Problem description ▸
Write out, with no changes, every line starting at the one that contains "Timken 32204-90KA1 rulman resim 3" and ending at the last line of the data below. Leave pictures out.

Dataset content ▸
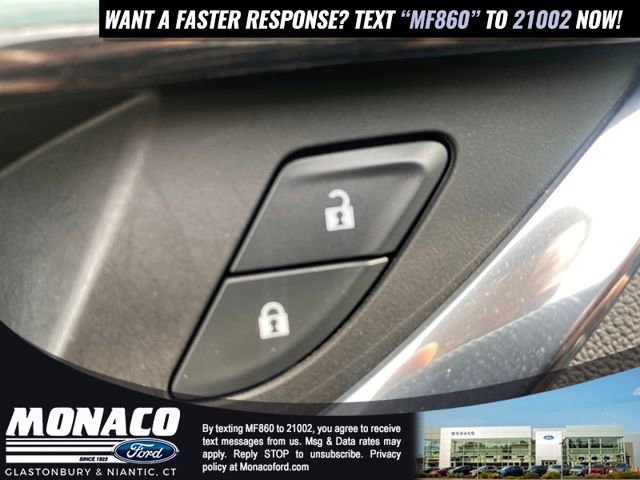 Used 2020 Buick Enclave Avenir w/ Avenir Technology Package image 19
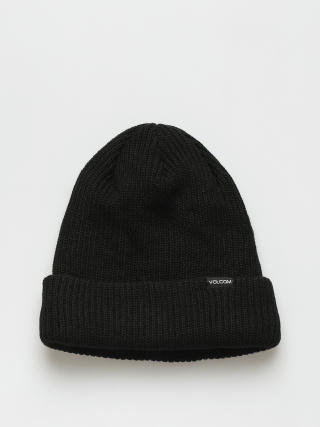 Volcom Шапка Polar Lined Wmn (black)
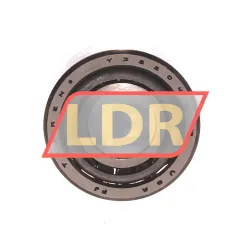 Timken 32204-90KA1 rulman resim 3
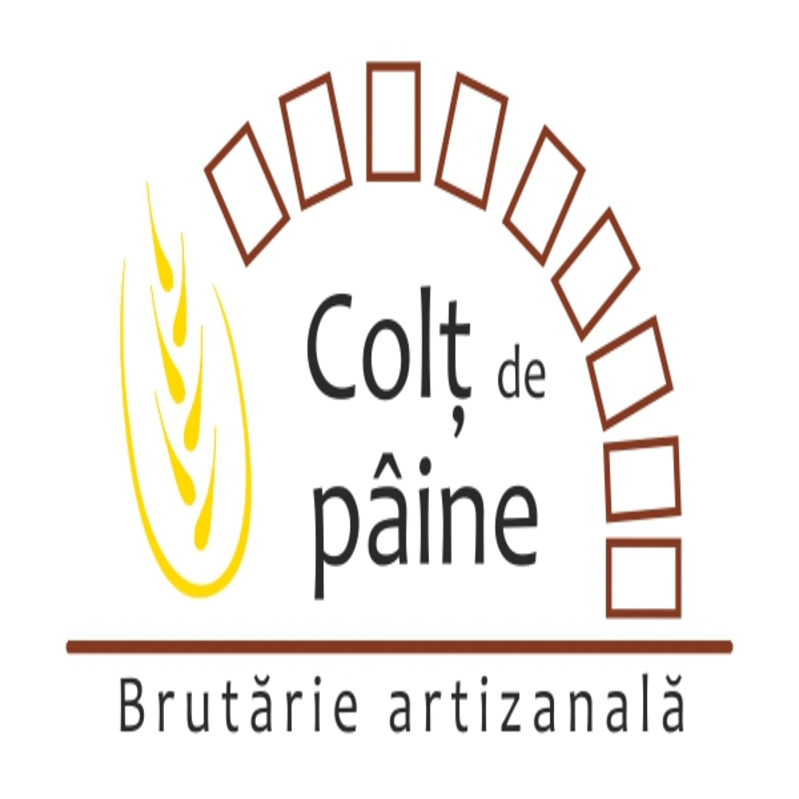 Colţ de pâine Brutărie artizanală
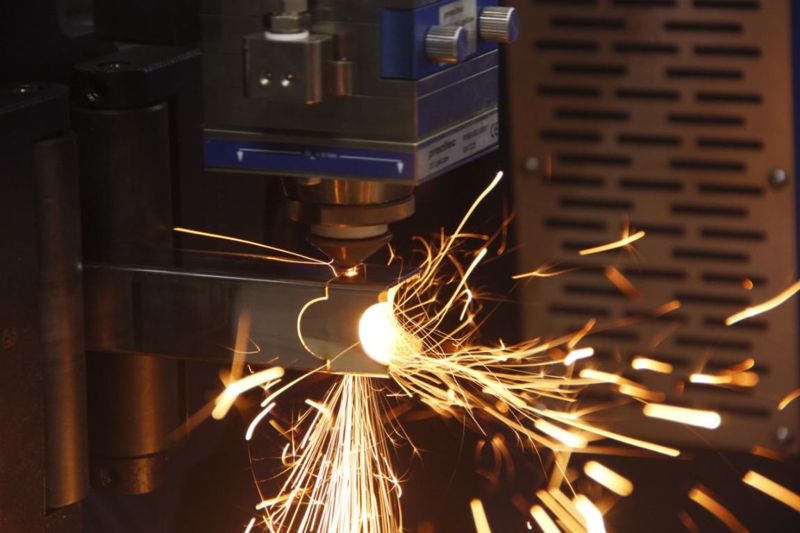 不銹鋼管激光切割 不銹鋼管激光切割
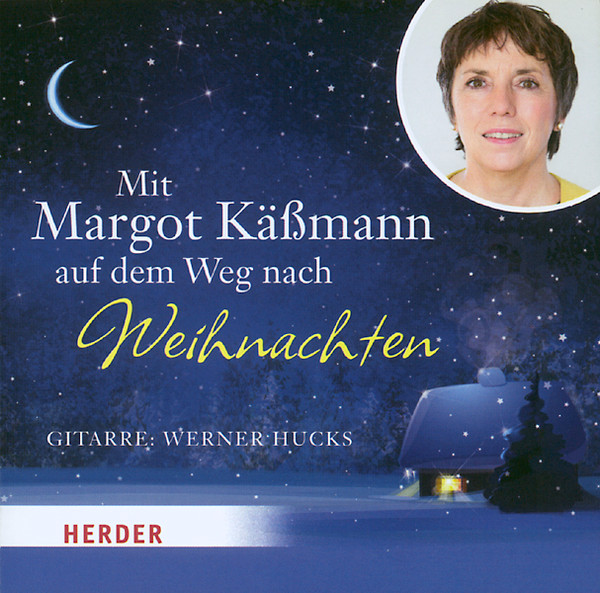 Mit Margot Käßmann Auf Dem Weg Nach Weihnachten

Result of this task ▸
 Timken 32204-90KA1 rulman resim 3
 Colţ de pâine Brutărie artizanală
 不銹鋼管激光切割 不銹鋼管激光切割
 Mit Margot Käßmann Auf Dem Weg Nach Weihnachten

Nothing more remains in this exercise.